Die These, dass der Erfolg der Grünen darauf beruht, dass sie tief ins Bürgertum eingedrungen seien, überzeugt den StZ-Redakteur Reiner Ruf nicht. Die Grünen waren immer Teil des bürgerlichen Lagers, sie wollten es nur nicht wissen.

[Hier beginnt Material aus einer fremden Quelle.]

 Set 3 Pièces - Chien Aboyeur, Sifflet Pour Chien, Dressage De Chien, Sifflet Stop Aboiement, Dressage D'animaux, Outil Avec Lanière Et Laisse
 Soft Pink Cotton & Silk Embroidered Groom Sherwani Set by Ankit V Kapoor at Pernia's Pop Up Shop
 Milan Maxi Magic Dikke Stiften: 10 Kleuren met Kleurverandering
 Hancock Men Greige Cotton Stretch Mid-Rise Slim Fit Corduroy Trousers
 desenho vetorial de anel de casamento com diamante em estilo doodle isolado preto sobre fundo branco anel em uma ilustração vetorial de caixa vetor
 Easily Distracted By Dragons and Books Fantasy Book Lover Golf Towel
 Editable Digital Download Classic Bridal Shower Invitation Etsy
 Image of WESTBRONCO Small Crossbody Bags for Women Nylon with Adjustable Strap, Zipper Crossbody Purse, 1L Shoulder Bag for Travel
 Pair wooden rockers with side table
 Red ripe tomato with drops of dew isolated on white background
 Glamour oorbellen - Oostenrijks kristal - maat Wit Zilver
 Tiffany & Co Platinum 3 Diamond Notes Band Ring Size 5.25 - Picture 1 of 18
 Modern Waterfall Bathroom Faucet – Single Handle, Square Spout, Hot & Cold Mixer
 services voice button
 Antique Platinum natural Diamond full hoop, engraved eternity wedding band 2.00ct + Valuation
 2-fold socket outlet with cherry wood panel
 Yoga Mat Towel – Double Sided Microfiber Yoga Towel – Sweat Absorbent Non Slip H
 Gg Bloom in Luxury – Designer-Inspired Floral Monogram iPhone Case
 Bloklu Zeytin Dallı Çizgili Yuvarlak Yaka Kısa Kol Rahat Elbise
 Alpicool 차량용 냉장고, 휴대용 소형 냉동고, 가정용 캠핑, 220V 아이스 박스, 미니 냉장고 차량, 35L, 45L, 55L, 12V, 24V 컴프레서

Stuttgart - Manchmal ist sich der kluge Fritz Kuhn auch für Trivialitäten nicht zu schade.Die Grünen, so stellt er nach seinem Wahlsieg in Stuttgart fest, seien „breit ins Bürgertum eingedrungen“. Das wundert nicht weiter, die Grünen sind ihm ja auch entsprungen. Man muss nicht einmal die weite Definition des Preußischen Allgemeinen Landrechts bemühen, das dem Bürgerstand alle Einwohner des Staates zuordnete, „welche ihrer Geburt nach weder zum Adel noch zum Bauernstand gerechnet werden können“, um zu der Erkenntnis zu gelangen, dass die Grünen immer auch und immer wesentlich eine bürgerliche Partei waren. Mochten sie sich in ihrer Geschichte gerne antibürgerlich geben, sie gehörten doch immer dazu. So gesehen ist das, was sich in Baden-Württemberg bei der Landtagswahl und nun auch bei der OB-Wahl abspielte, allenfalls eine Heimkehr ins angestammte Milieu.

 

Aus Sorge um die eigene Lebenswelt

Dass die Grünen einst als Protestpartei antraten, tut diesem Befund keinen Abbruch. Bürgerlicher Protest ist so alt wie das Bürgertum; der von den Grünen strategisch genutzte Konflikt um Stuttgart 21 hat nur neuerlich offenbart, welche Wucht er entfalten kann. Schon der Widerstand gegen den Atommeiler Wyhl war kein auch nur entfernt linkes Projekt; er entsprang dem Misstrauen gegen bürokratisch abgeschottete Großtechnologien und der Sorge um die eigene, wenn man so will: kleine Lebenswelt. Saubere Umwelt, gesundes Essen, überschaubare politische Strukturen – das sind Sehnsüchte, die tief ins bürgerliche Seelenleben hineinreichen. Gerade die Grünen im Südwesten haben diesen Boden besonders sorgsam bestellt. Deshalb sind sie so erfolgreich.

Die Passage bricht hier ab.